§ EXERCISE BRIEF: Return the lines of the data below, from the one containing "Image of Watermelon" through the very last, exactly and with both ends included; no pictures.

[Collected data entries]
****************

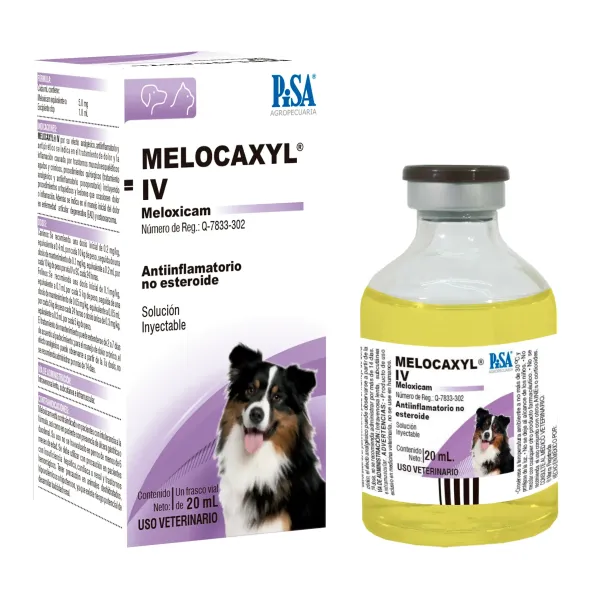 MELOCAXYL IV PISA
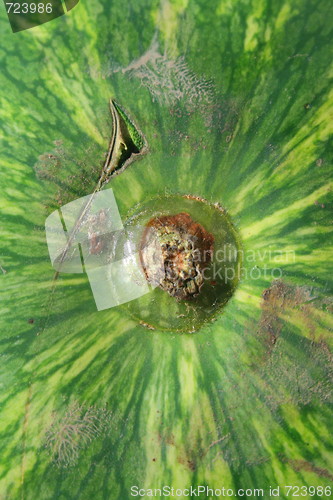 Image of Watermelon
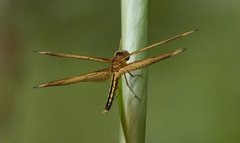 Neurothemis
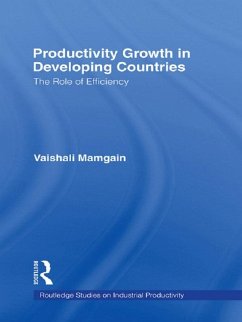 Productivity Growth in Developing Countries (eBook, PDF) - Mamgain, Vaishali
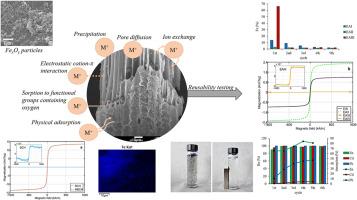 Regeneration possibilities and application of magnetically modified biochar for heavy metals elimination in real conditions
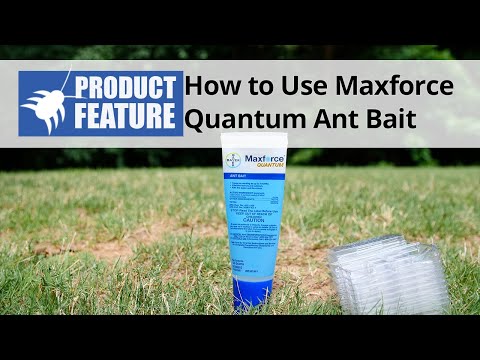  How to Use Maxforce Quantum Video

****************

§ RESPONSE BELOW:
 Image of Watermelon
 Neurothemis
 Productivity Growth in Developing Countries (eBook, PDF) - Mamgain, Vaishali
 Regeneration possibilities and application of magnetically modified biochar for heavy metals elimination in real conditions
  How to Use Maxforce Quantum Video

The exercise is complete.